BioCrossroads released a “request for interest in participation” in the creation of a new K-12 Indiana Science, Technology, Engineering and Math Education Resource Center. Patterned after the North Carolina Science, Mathematics and Technology Education Center, BioCrossroads’ STEM is meant to be a Web-based, largely virtual organization. It would coordinate math and science resources for educators.

“Ultimately, this center will help students acquire the necessary knowledge and skills to have successful careers, be good citizens and help advance the economy of their local communities and the state,” said Marcie Brown, Gov. Mitch Daniels’ policy director for education.

The request seeks a statewide managing partner for an Indiana STEM Resource Center. The partner would organize its reach across the state. BioCrossroads also seeks regional participation.

“The success of the Indiana STEM Resource Center will be measured by its ability to increase the number of Hoosier students who pass ISTEP-Plus, increase the number of students who pursue and graduate with math- and science-related degrees, along with many other metrics,” said BioCrossroads Vice President Anne Shane.

“Improving K-12 science and math education is the path to economic vitality for Indiana.”

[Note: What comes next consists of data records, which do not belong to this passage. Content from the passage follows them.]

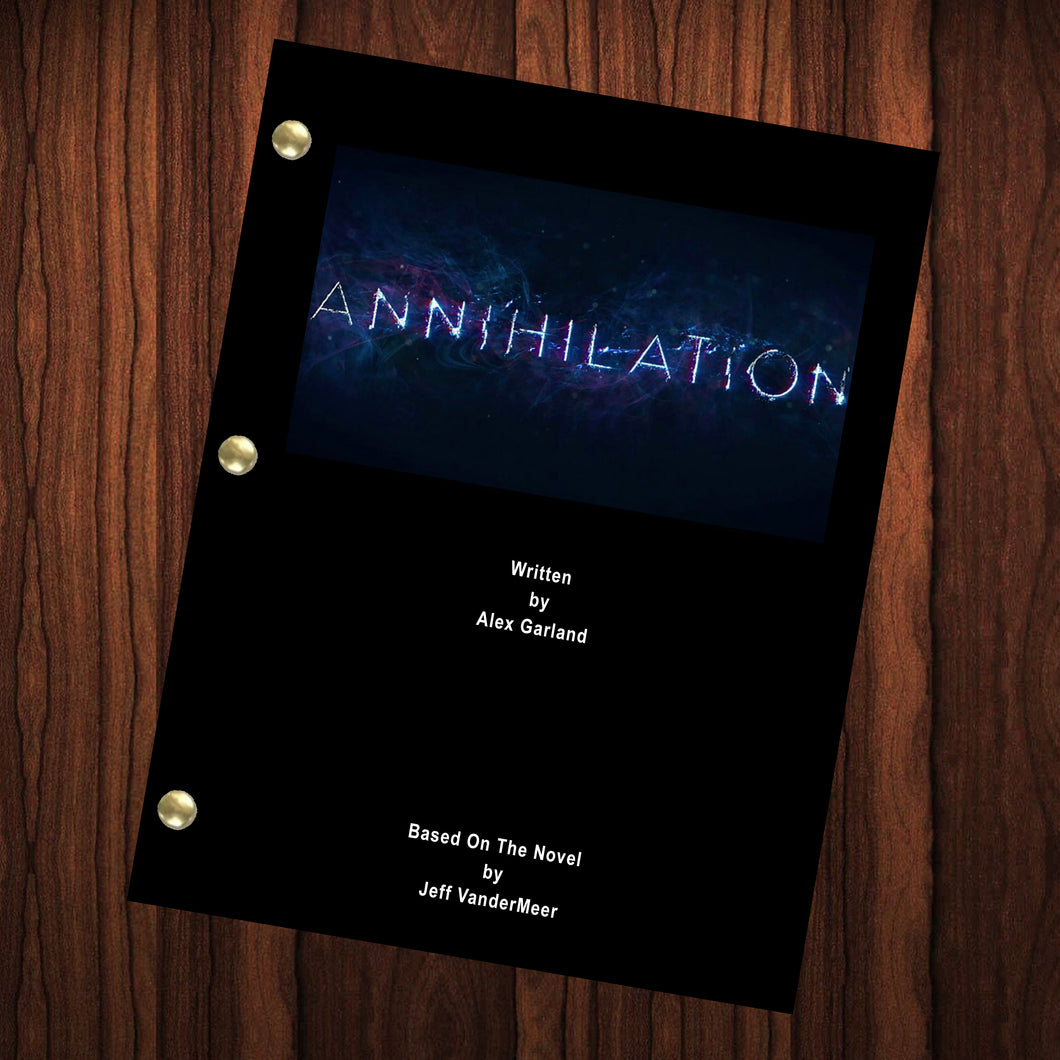 Annihilation Movie Script Reprint Full Screenplay Full Script Natalie Portman Tessa Thompson Jennifer Jason Leigh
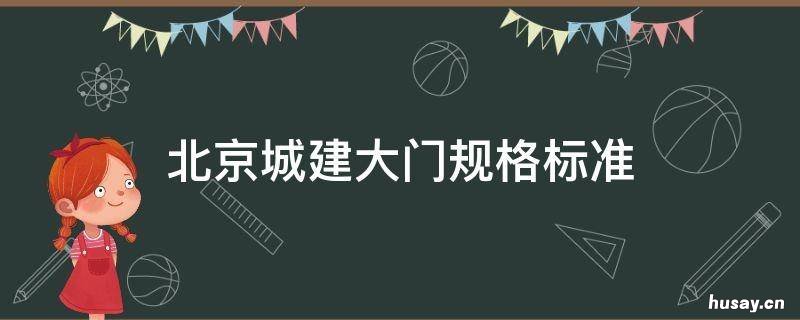 北京城建大门规格标准 中国建筑大门尺寸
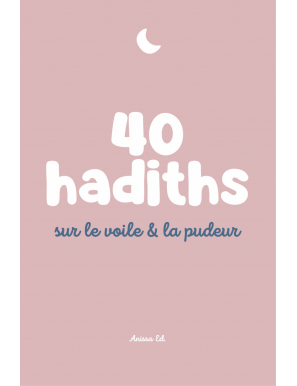 40 hadiths sur le voile & la pudeur (avec commentaires) – Anissa Editions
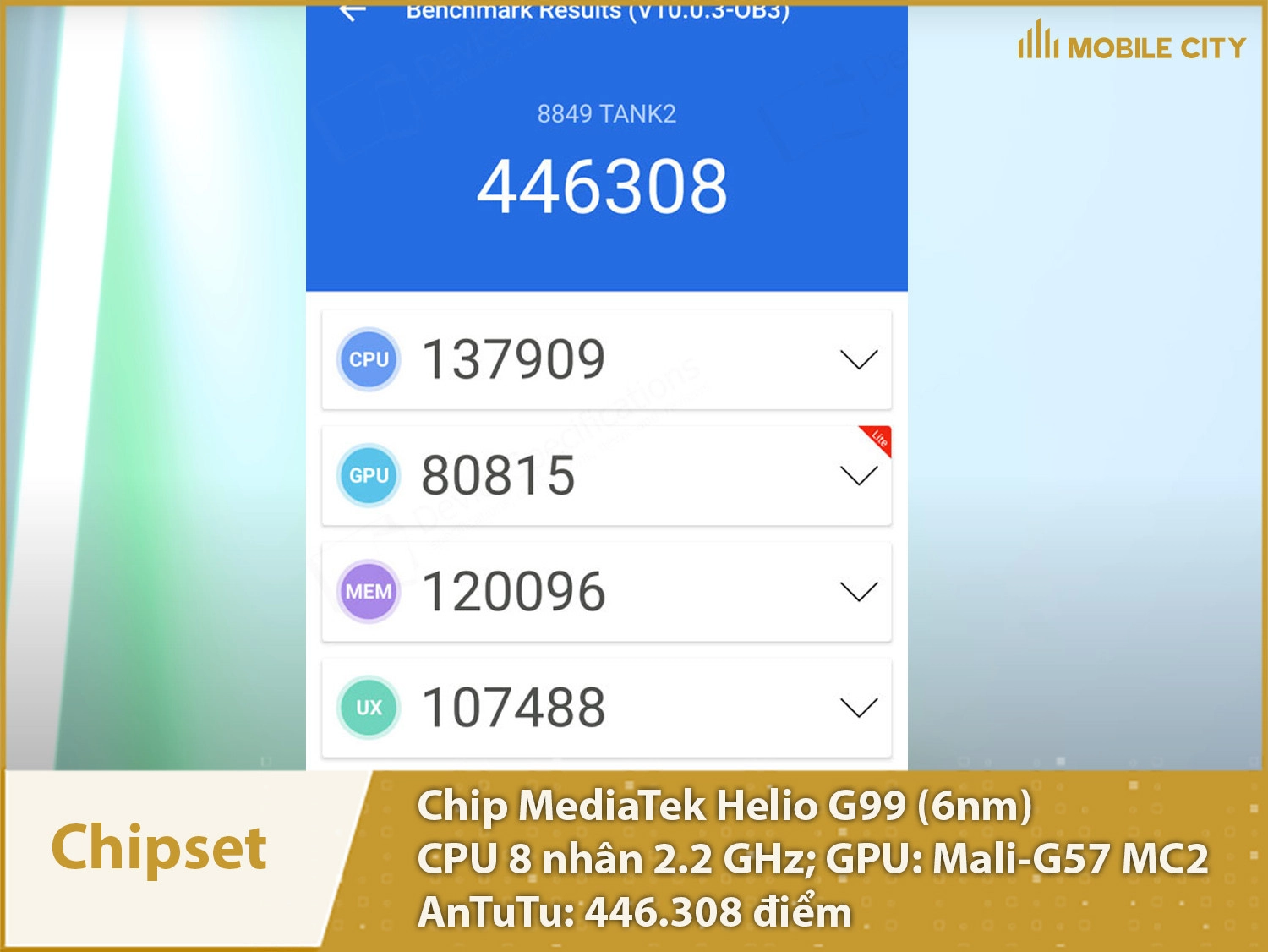 Helio G99 có điểm số AnTTuTu là 446.308 với phiên bản V10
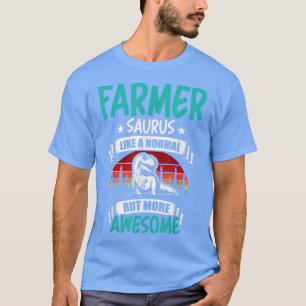 Farmer Saurus Like Normal T Re Dinosaur T-Shirt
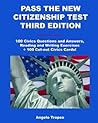 Pass the New Citizenship Test Third Edition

BioCrossroads reports that 30 percent of Indiana’s work force is tied to manufacturing and the life sciences industries. According to its research, more than 80 percent of the fastest-growing occupations are dependent on strong knowledge of science and math. But in Indiana last year, nearly half of the state’s seventhgraders failed the state’s first Indiana Statewide Testing for Educational Progress-Plus science exam.

“Recent studies have shown that over the past 10 years, the number of high school seniors who are pursuing careers in engineering has dropped nearly 40 percent,” said Gary Pellico, director of the Indianapolis Challenger Learning Center. “This new resource center will help Indiana turn this statistic around so that our students are better prepared for the students of tomorrow.”

BioCrossroads developed the concept for an Indiana STEM Resource Center with the help of the Science Education Foundation of Indiana, the Indiana Department of Education, the Lumina Foundation for Education and the University of Indianapolis’ Center of Excellence in Leadership and Learning. The effort began last fall.